Book Recommendation: Teaching with Poverty in Mind

By Kim Miklusak

I've been reading a lot lately...This week's book recommendation is Teaching with Poverty in Mind: What Being Poor Does to Kids' Brains and What Schools Can Do About it by Eric Jensen.

So often we as teachers can get wrapped up in the day-to-day of curriculum and assessment.  Sometimes we can overlook that what happens in the students' home lives--and, in fact, what has happened for their entire lives--plays an enormous role in not only their ability to accomplish the tasks we give them but also in their ability to function in class and process information and emotions.  This book serves as an excellent reminder in both theory and practice.
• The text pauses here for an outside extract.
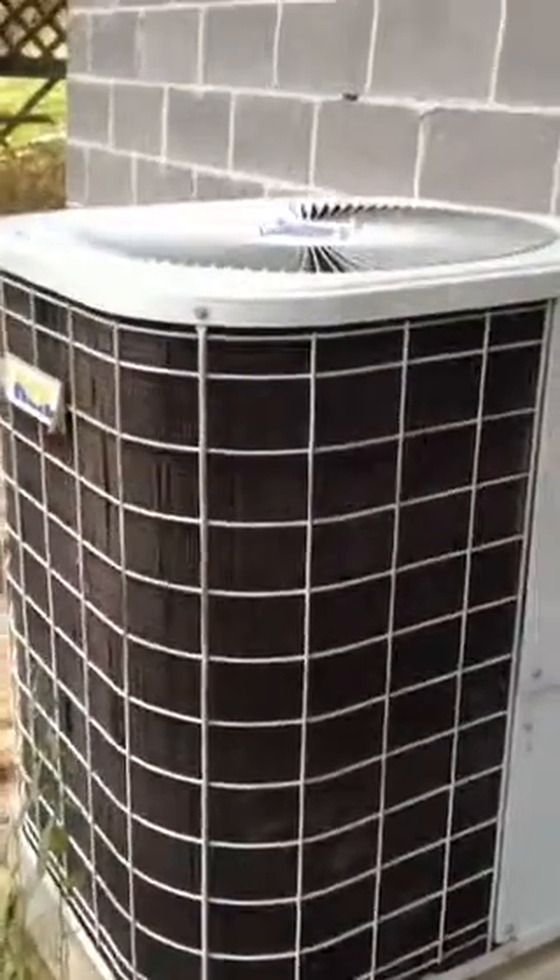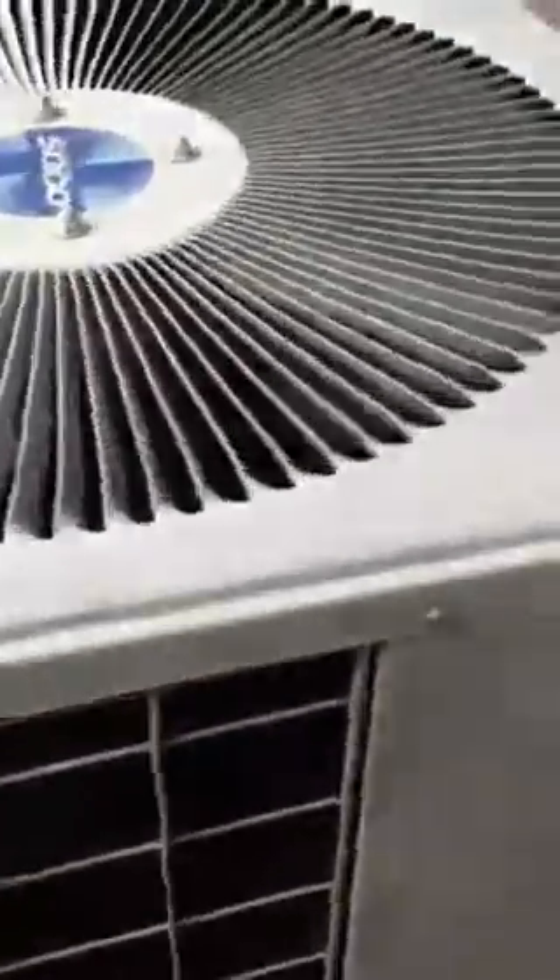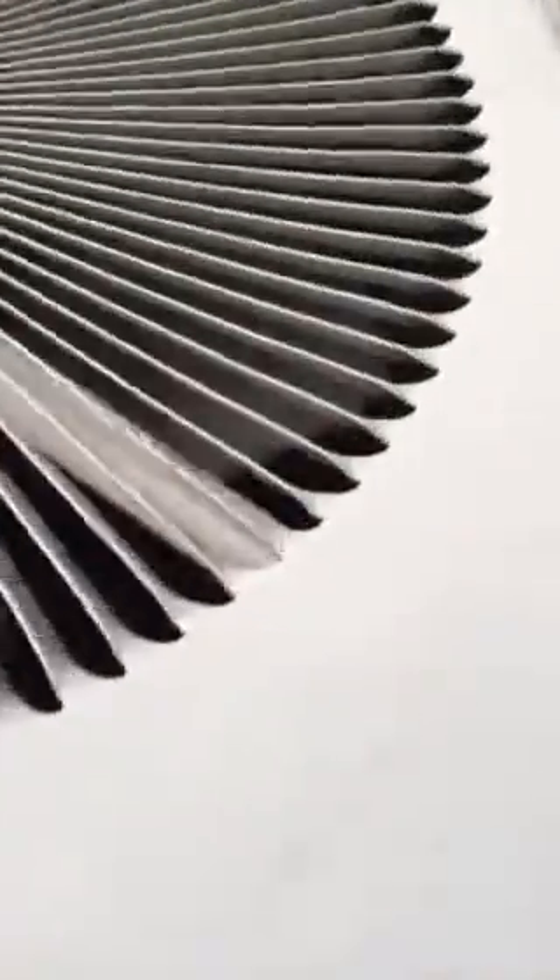Here is the air condenser that actually pulls the cold air or hot air, depending on if you have it on heat or cold, out of the house. And those are spider webs inside of it. To me, that means this air handler has not ran in quite some time to have this many spider webs built up inside of it.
One of the most interesting concepts to me was the chapter on emotional challenges, stressors, cognitive lags, and health and safety issues and their effects on academics.  Jensen covers the how and why of these effects, but he then offers specific action steps for individual classroom teachers and whole schools.  This includes the graphic below that highlights the idea that while most people are "hardwired" for certain emotions, other emotions like those on either end of the "emotional keyboard" are ones that need to be taught--in this case, at times, by teachers.  This is partnered with the importance of a mindset of change, a concept also echoed in Mindset by Carol Dweck

A graphic from the book
Finally, Jensen closes with a chapter on schoolwide success factors and a chapter on classroom success factors.  At a schoolwide level, he suggests focusing on Support of the Whole Child, Hard Data, Accountability, Relationship Building, and an Enrichment Mindset.  At the classroom level, he focuses on Standards-Based Curriculum and Instruction, Hope Building, Arts/Athletics/Advanced Placement, Retooling of the Operating System, and Engaging Instruction.  He goes into great detail on each of these factors, including suggestions for avoiding common mistakes.

What makes this book so accessible to administrators and teachers alike is not only Jensen's approachable explanations of theories but also the tangible and manageable set of factors for helping to guide entire schools in better teaching students in poverty.